Searches in a designated area
Before searching a person in a designated area, the police officer must give the person a search notice.
This notice will state that:
- the area is a designated area
- the person or their motor vehicle are in the designated area
- the police have the power to search them
- it is an offence to hinder or prevent the police from searching them.
Searches on private property
In most cases, a police officer will need a warrant to come onto private property and conduct a search of the property or any people on the property. An officer may conduct property and personal searches in Victoria without a warrant when:
- the person lets them in
- the police need to stop a ‘breach of the peace’, such as a fight
- the police believe that someone will or has committed a serious offence and they need to enter to arrest that person
- someone on the property has breached an intervention order or a family violence safety notice
- someone has defied a police direction relating to family violence matters
- the police believe someone has assaulted or threatened to assault a family member
- the police are pursuing a person who has escaped from prison or custody
- the police have a warrant to arrest someone on the property.
Types of personal searches in Victoria
There are a number of options for police when conducting personal searches in Victoria.
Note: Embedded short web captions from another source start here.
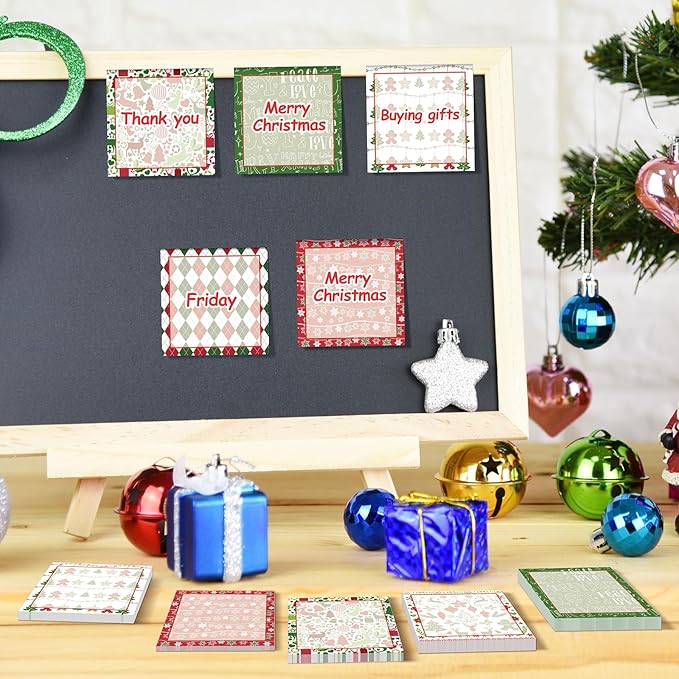 9 PCS Christmas Sticky Note Christmas Note Pads Christmas Notepad Set Cute Self Adhesive Memo Notepads for Xmas Winter Holiday Party School Work Study Supplies Kids Gifts，450 Sheets (Christmas-1)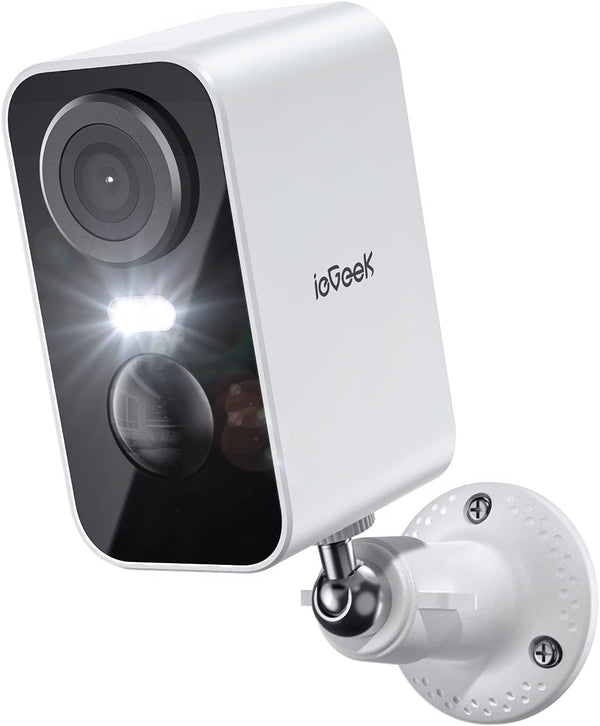 ieGeek Wireless Outdoor Security Cameras, 2K 3MP Battery Powered WiFi with Spotlight & Siren Alarm, 2-Way Audio, Color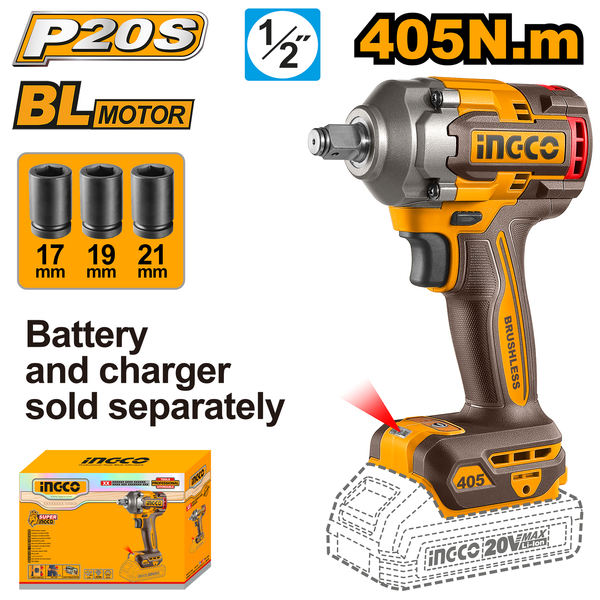 Ingco Impact Wrench 20V  405NM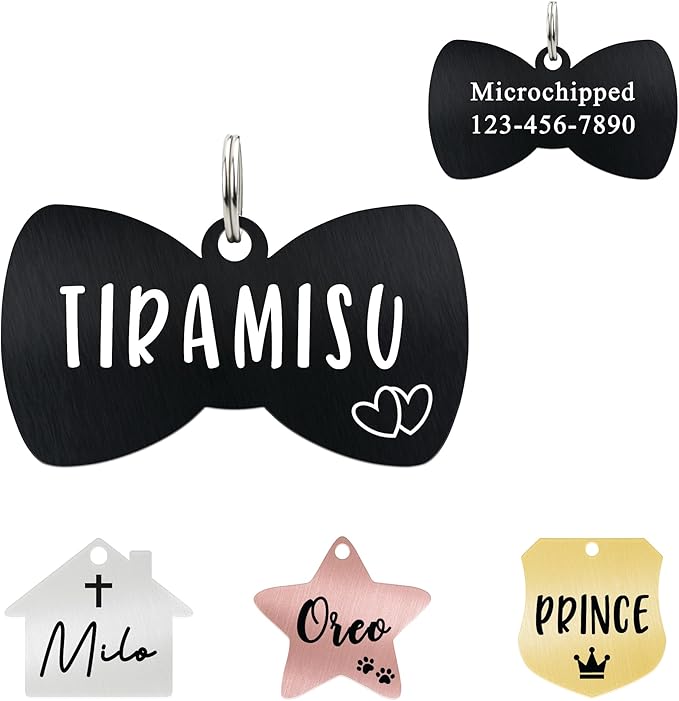 Ultra Joys Cat ID Tag Personalized Pet Tags, Durable Stainless Steel Small Pet by UltraJoys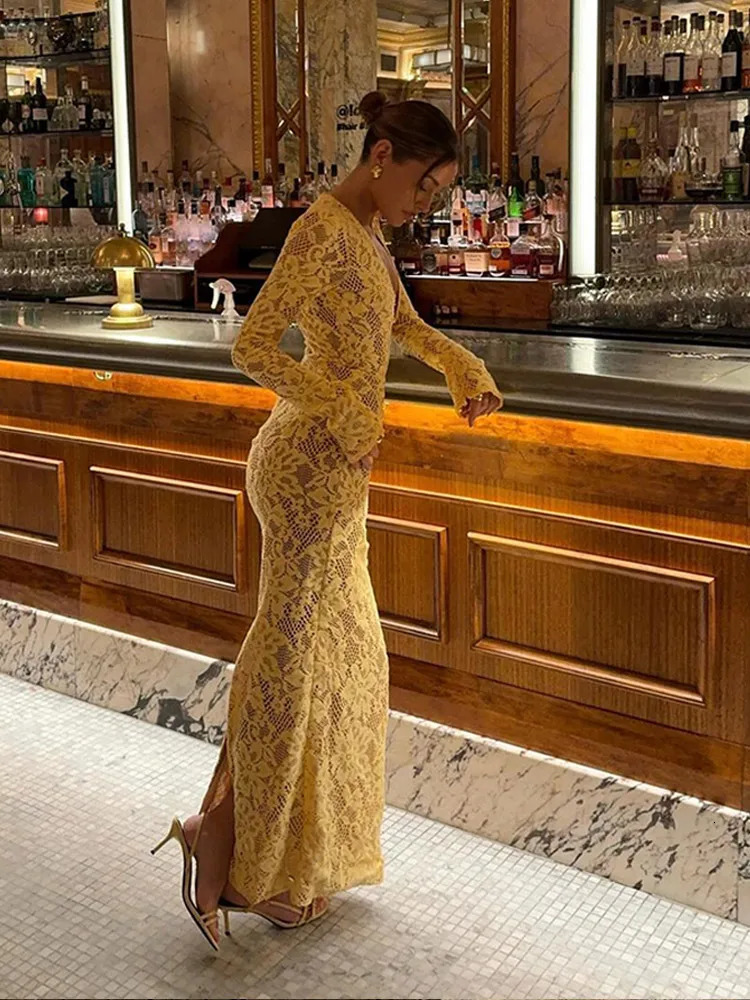 Sexy Deep V Neck Long Sleeve Lace Dress Women Fashion Hollow Out High Waist Maxi Dresses Lady Evening Party Dresses Vestidos 241111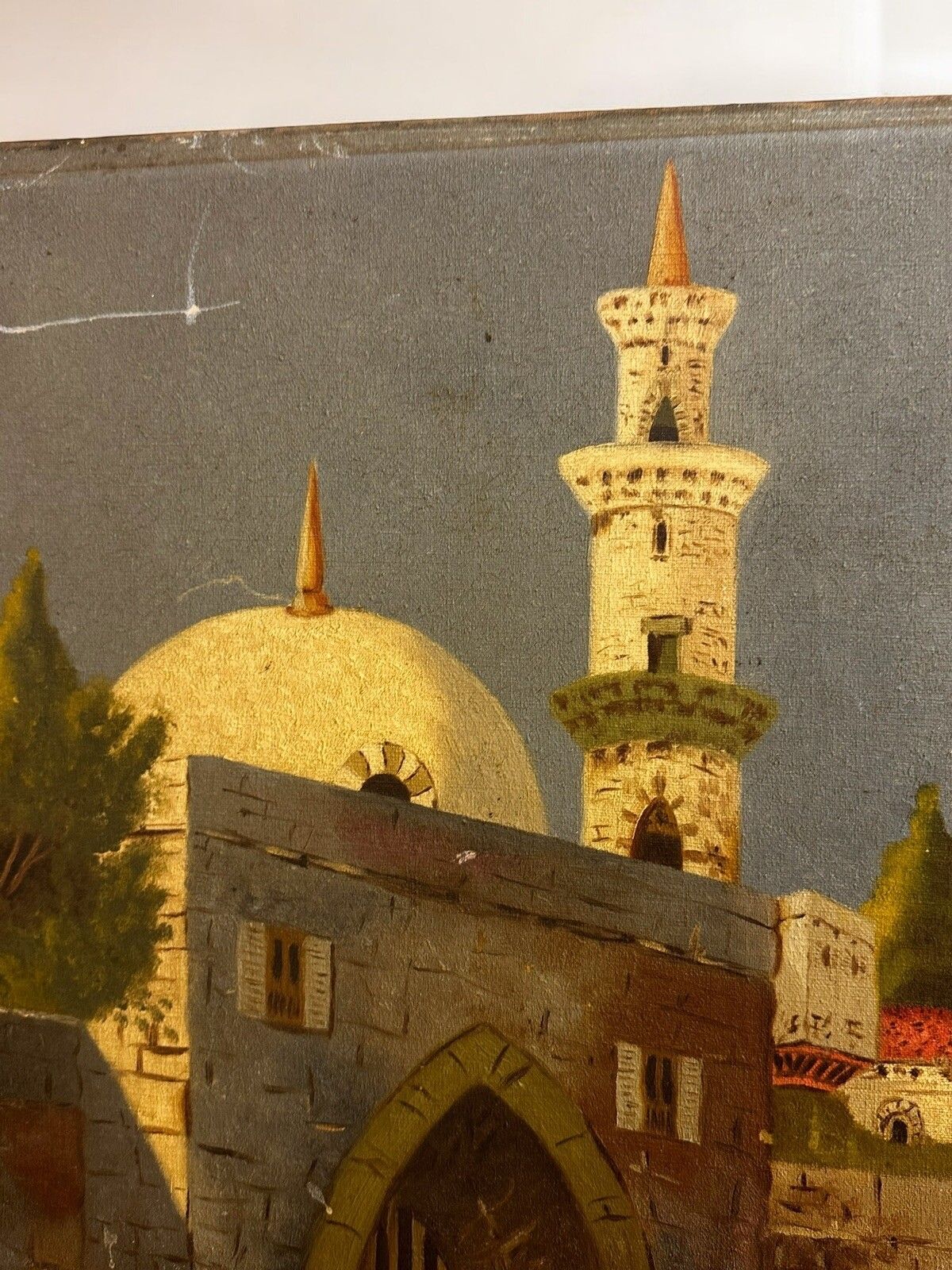 Large Antique 1920’s Oil On Canvas Islamic Mosque Interest H Neville / 77x64cm photo Art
Pat-down search: for this search, the police officer will run their hands or ‘pat’ over the outside of the person’s clothes.
The police can do a pat down search:
- in public or on private property
- have the person empty their pockets or remove their jacket or jumper
- ask them to produce anything that might amount to a weapon
- use a metal detector to search them for a weapon.
Strip search: this is when the police remove and search all of a person’s clothing. These searches must be conducted privately so they are usually undertaken in a windowless room at a police station. When police conduct full personal searches in Victoria, they must ensure the person has someone with them (unless it is urgent or serious circumstances make it impractical) if the person:
- is under 18
- has a cognitive disability or a mental illness.
Internal body search: this kind of search is invasive and is considered a forensic procedure. It must be carried out by a doctor who is of the same sex as the person searched. A person does not have to agree to this kind of search. If the person does not consent to the search, the police may not conduct the search unless they get an order from the court.
The officer who performs a search must make a written record of the search and give the person a receipt for anything they take. The person can request for a copy of the search record at any time.